Beefy Boxes and Bandwidth Generously Provided by pair Networks
Keep It Simple, Stupid
 
PerlMonks  

Creating a tarball

by kcott (Chancellor)
on Feb 07, 2019 at 03:08 UTC ( #1229516=perlquestion: print w/replies, xml ) Need Help??
kcott has asked for the wisdom of the Perl Monks concerning the following question:

Given a directory structure which looks something like this (which I've been using for testing):

fred fred/asd fred/derf fred/qwe fred/zxc fred/derf/fgh fred/derf/rty fred/derf/fgh/vbn

I'm looking for a way to implement the following command in Perl:

$ tar zcvf fred.tar.gz fred

I thought the builtin Archive::Tar module was possibly the way to go. I can get this to achieve what I want but it's horribly clunky:

use Archive::Tar; my $tar = Archive::Tar::->new(); $tar->add_files(glob "fred fred/* fred/*/* fred/*/*/*"); $tar->write("fred.tar.gz", COMPRESS_GZIP);

This has additional problems in that the directory structure could be deeper and hidden files (starting with '.') are not captured by any of those glob patterns.

I tried using "fred" and "fred/" as the sole arguments to add_files() but they only pick up the top-level directory, not the rest of the directory structure. I can't see an add_directory() (or similarly named) method. I also tried with the create_archive() class method but had a similar lack of success.

I've also had a hunt around various core and CPAN modules in the Archive:: and IO:: namespaces: none seemed to do what I want.

I could write a recursive routine to capture the entire directory into an array (for add_files(@filenamelist)). That would be my fallback plan but I was hoping there might be a more elegant (less code) way of doing this.

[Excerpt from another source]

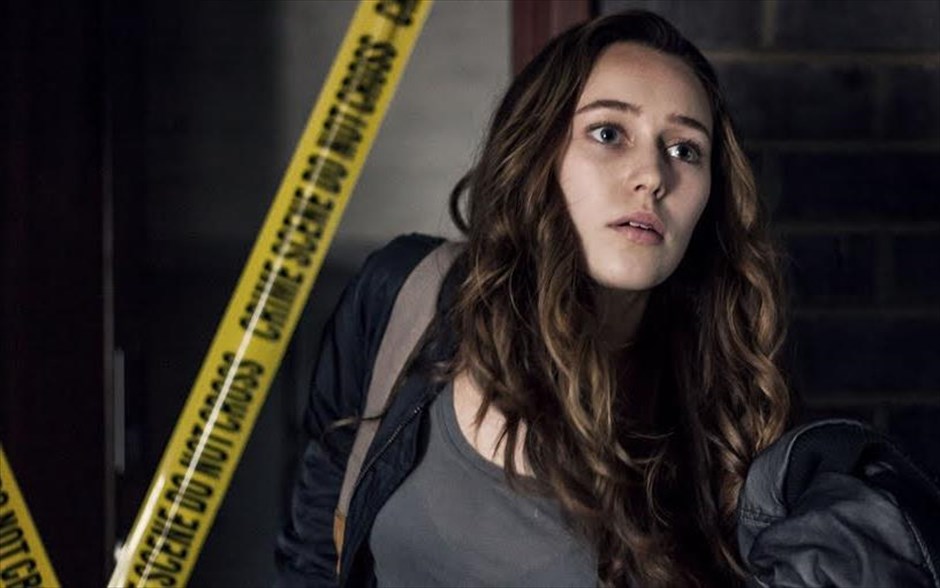 «Friend request». «Friend request»: Όταν μια δημοφιλής φοιτήτρια, που ζει μια συνηθισμένη φοιτητική ζωή, μοιράζοντάς την με τους φίλους της στο Facebook, αποδέχεται ένα αίτημα φιλίας από μια μοναχική κοπέλα στην τάξη της, άθελά της, θέτει σε κίνηση μια τρομακτική κατάρα.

Any ideas on how I might achieve what I want with either Archive::Tar, or some other module, would be appreciated.

— Ken

Replies are listed 'Best First'.
Re: Creating a tarball
by tybalt89 (Vicar) on Feb 07, 2019 at 06:57 UTC

    Untested:

    use Path::Tiny; path('fred')->visit( sub { -f || -d and $tar->add_files($_) }, {recurse => 1} );

    EDIT: Fuller version (still untested):

    use Archive::Tar; my $tar = Archive::Tar::->new(); my @filenamelist; use Path::Tiny; path('fred')->visit( sub { -f || -d and push @filenamelist, "$_" }, {recurse => 1} ); $tar->add_files(@filenamelist); $tar->write("fred.tar.gz", COMPRESS_GZIP);

    SECOND EDIT: Because I like Path::Tiny better than File::Find, although it has its quirks. For example, in the callback, $_ is a Path::Tiny object instead of a plain string, hence the "$_" which "stringifies" it.

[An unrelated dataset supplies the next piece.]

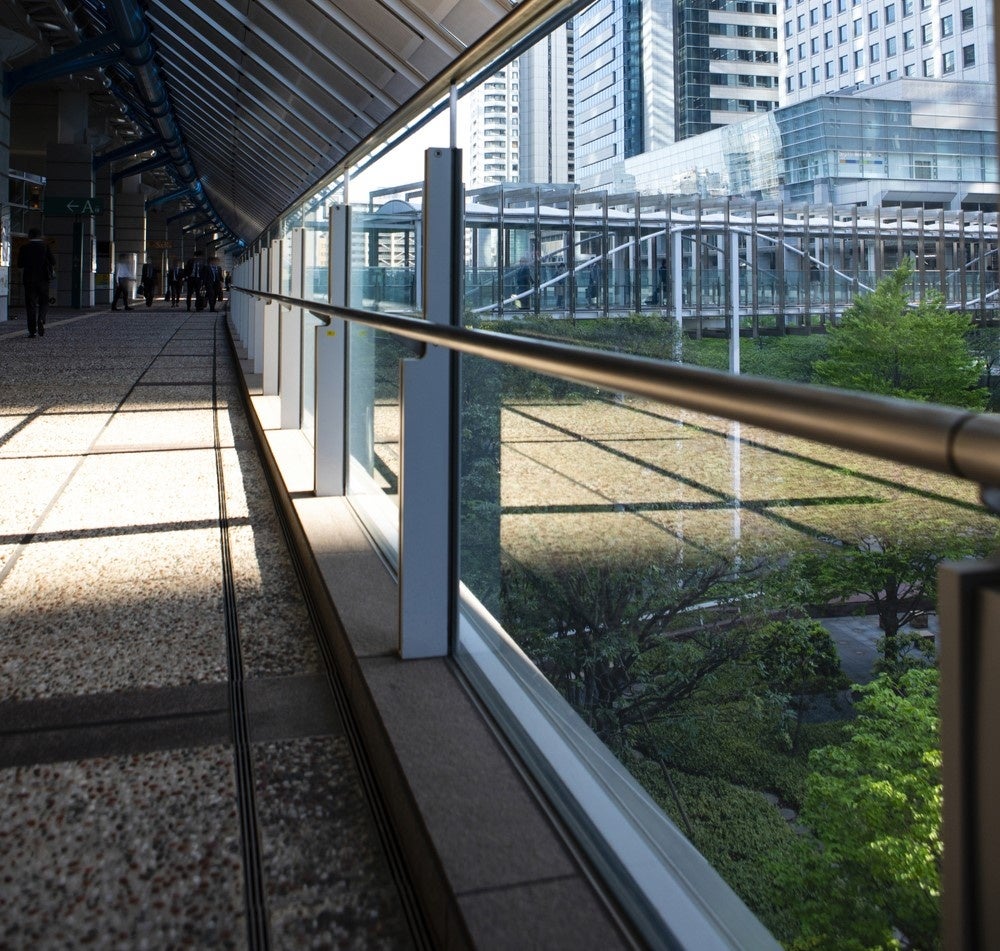 ペデストリアンデッキ「スカイウェイ」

      I'd guard that against unreadable files:

      sub { -f || -d and push @filenamelist, "$_" }, => sub { -f || -d and -r and push @filenamelist, "$_" },

      Enjoy, Have FUN! H.Merijn

        Which leads to the question: Should these files be silently ignored, or an error or warning be generated?

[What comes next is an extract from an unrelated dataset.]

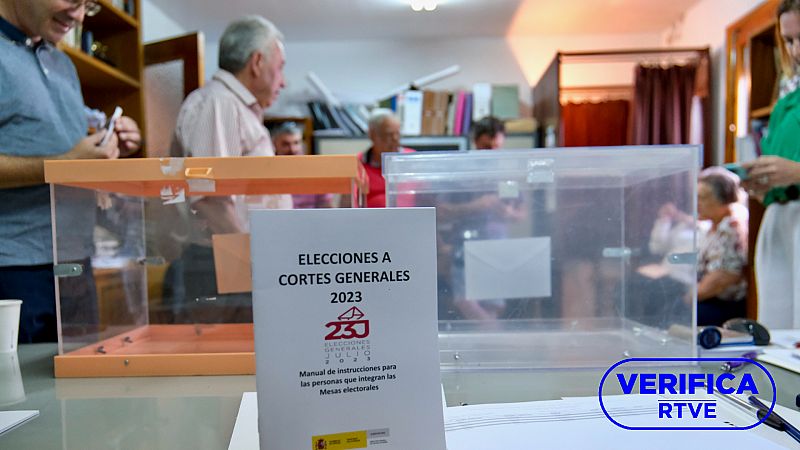 Las urnas preparadas en un colegio electoral del municipio riojano de Vilarroya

        (And code gets more and more complicated :)

        G'day Tux,

        You raise a good point and, in general, my code is littered with such checks. However, in this instance, the directory structure is generated afresh immediately before the tarball creation, and the spec requires all files in the directory structure to be readable. So, while that is something I would normally do, it's not needed in this particular situation. Thanks for mentioning it anyway.

        — Ken

      G'day tybalt89,

      Thanks. That looks like a nice, succinct solution.

      I'm extending legacy code, which already uses Path::Tiny, so that removes any additional, dependency-related issues (e.g. Makefile.PL). I'll test this out tomorrow.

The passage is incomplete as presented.